Dove sta scritto che «i cittadini» vogliano la riforma della giustizia? «Fa parte del programma, gli elettori ci hanno votato anche per questo», risponde genericamente il governo mentre il Guardasigilli Nordio, tra i pochi a guardare in faccia i propri interlocutori durante i question-time in Parlamento, chiarisce nel tecnico cosa si teme di più: «Il pubblico ministero non finirà mai sotto il controllo dell’esecutivo». D’accordo, può darsi che l’impronta democratica e liberista del nostro ordinamento non prenda derive incontrollabili. 

Ma di quali cittadini parliamo? Se ci si riferisce al programma di governo, votato solo dagli elettori di centrodestra, per onestà di vedute occorre riferirsi a quel 26% che ha portato al governo la coalizione di Giorgia Meloni. E tutti gli altri, mettendoci dentro pure il 36% di astenuti? Siamo in presenza di una riforma costituzionale, i due maggiori poteri dello Stato (legislativo ed esecutivo) che riformano quello giudiziario. Possibile che si possa andare avanti a colpi di maggioranza?

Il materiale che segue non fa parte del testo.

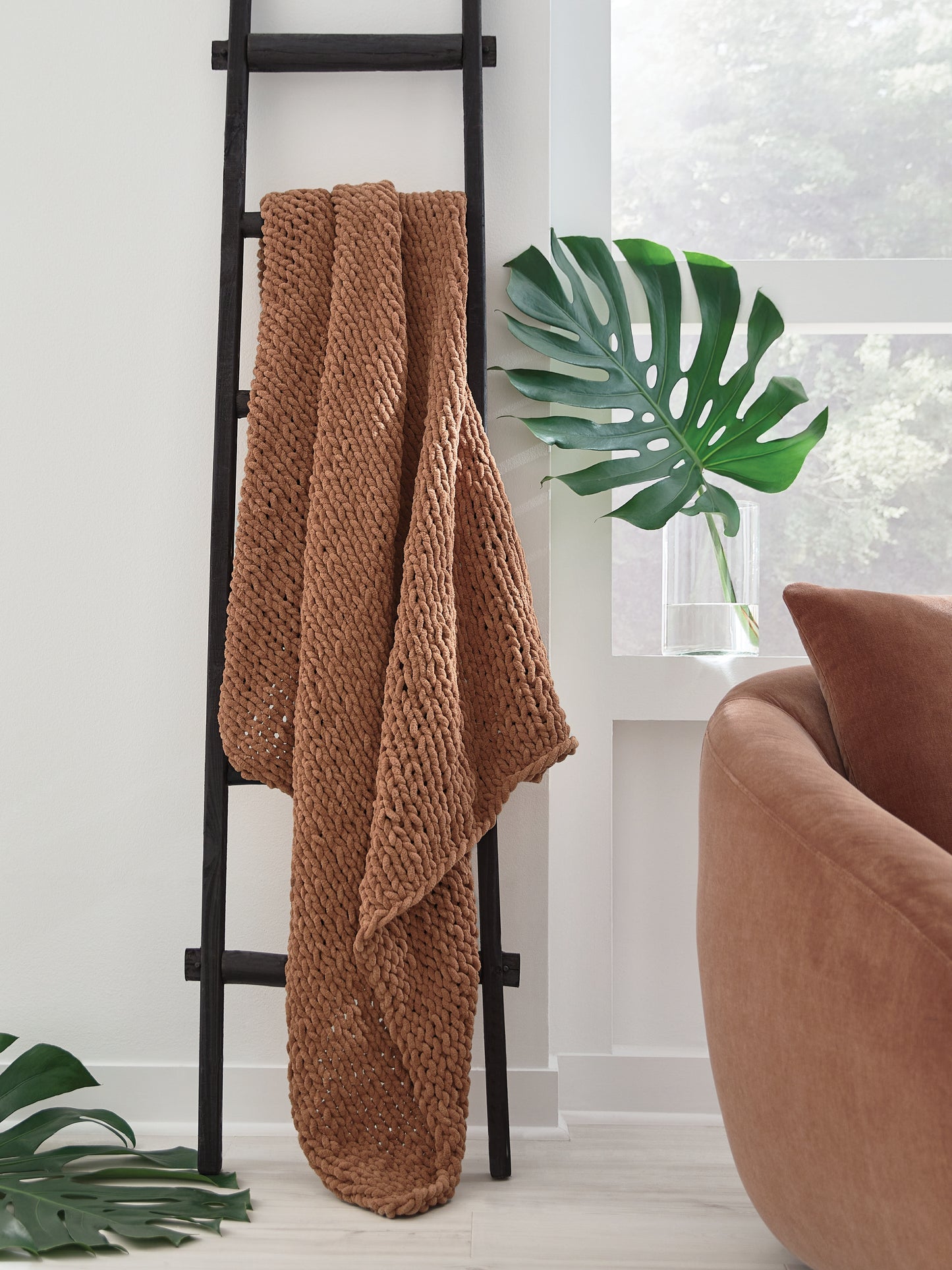 Bradenton Furniture Outlet - Ashley Furniture - Chaddon Throw (Set of 3) - Throw (3/CS) - A1001179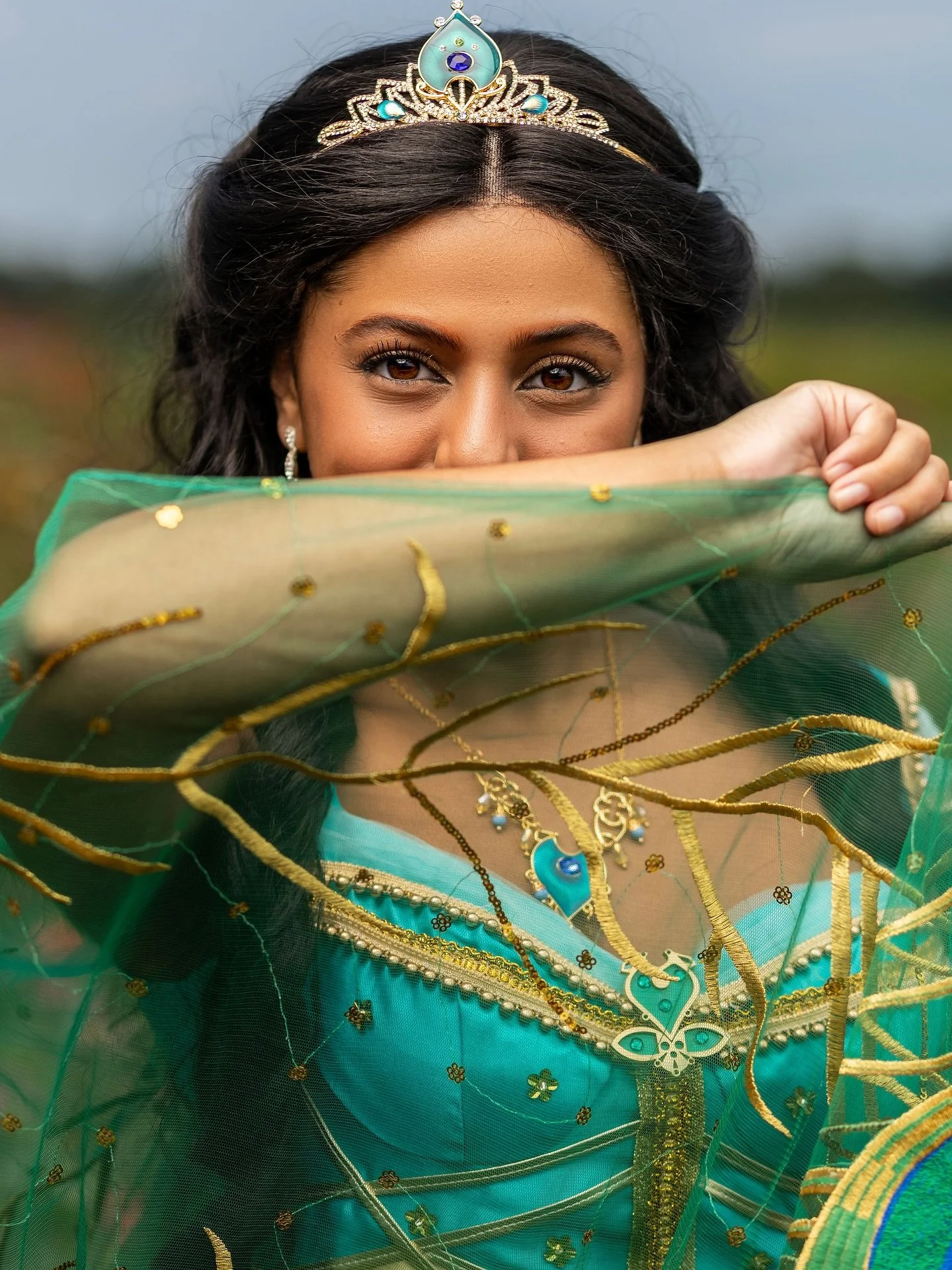 Are you ready for a magic carpet ride? This princess is flying around to make all your birthday wishes come true 💙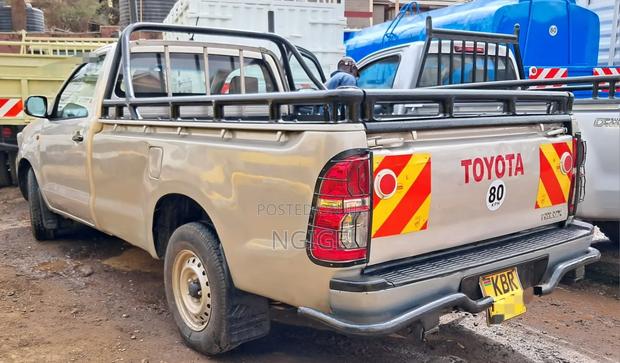 Toyota Hilux 2010 Gray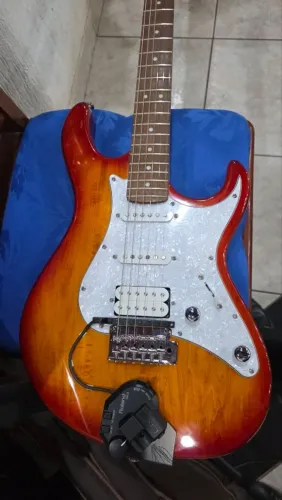 Troco... Guitarra Cort G250 Strato novíssima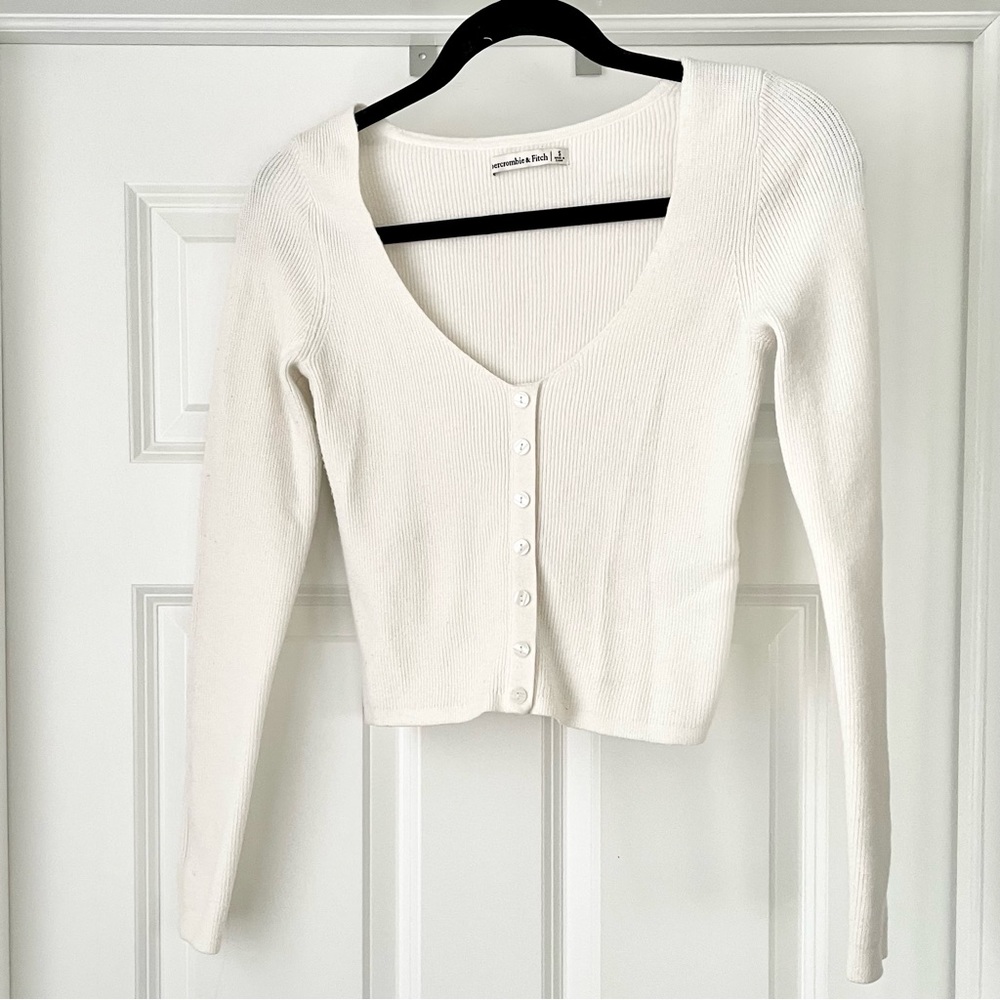 Abercrombie white cropped cardigan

Possibile, se il decisionismo delle destre non risponde esattamente a certo laissez faire di qualche governo di centrosinistra, ad esempio. E l’ansia da prestazione a volte rischia di fare brutti scherzi. Perchè, a volerla dire tutta, questa riforma ha gambe lunghe, proviene dai rimbrotti dell’ex magistrato Nordio che certe cose le scriveva da privato cittadino, per decenni columnist dei quotidiani di destra.

A proposito di brutti scherzi, pensiamo al sorteggio per la nomina dei membri togati del Consiglio superiore della magistratura (Csm), una delle misure previste dalla riforma: si tratta di un’irridente prova di forza del governo destinata a sparigliare il campo delle inguardabili correnti, simili a fazioni politiche per non dire partitiche, in cui è frammentata oggi la nostra magistratura. L’organo di autogoverno dei magistrati diviso in poltrone, un’indegna gazzarra di nomine e di sgarri tra chi è chiamato a governare l’alta funzione della giustizia ed a coltivarne il senso di equità in questo paese. Inaccettabile tutto questo per il cittadino, definizione questa volta intesa nel senso più generale del termine. Si è esagerato, la magistratura sana dovrebbe fare mea culpa senza star lì a tenere a bada il fortino. 

E invece cosa ti tirano fuori alcuni nostri magistrati? La trovata del segretario nazionale di Area (una delle correnti), che ha consegnato i dadi del Gioco dell’Oca nelle mani del vice ministro Sisto («la giustizia giocatevela così») non aiuta le toghe a venir fuori dai loro paradossi. E rafforza la tesi del governo, sordidamente deciso in verità a delegittimare una magistratura faziosa e sconclusionata, che rischia di perdere il controllo della situazione per manifesta incapacità di saper cogliere il senso più profondo dello scossone.

Sarà pure un ragionamento di stampo berlusconiano, quello del governo: dopotutto l’aspirazione di tenere le toghe sotto il tacco 10 della premier è forte. Ma se la magistratura sciopera come farebbero i metalmeccanici davanti a Mirafiori (con tutto il rispetto…), oppure uscendo dall’aula quando parla il ministro, i dadi di Zaccaro finiranno per simboleggiare la loro nemesi.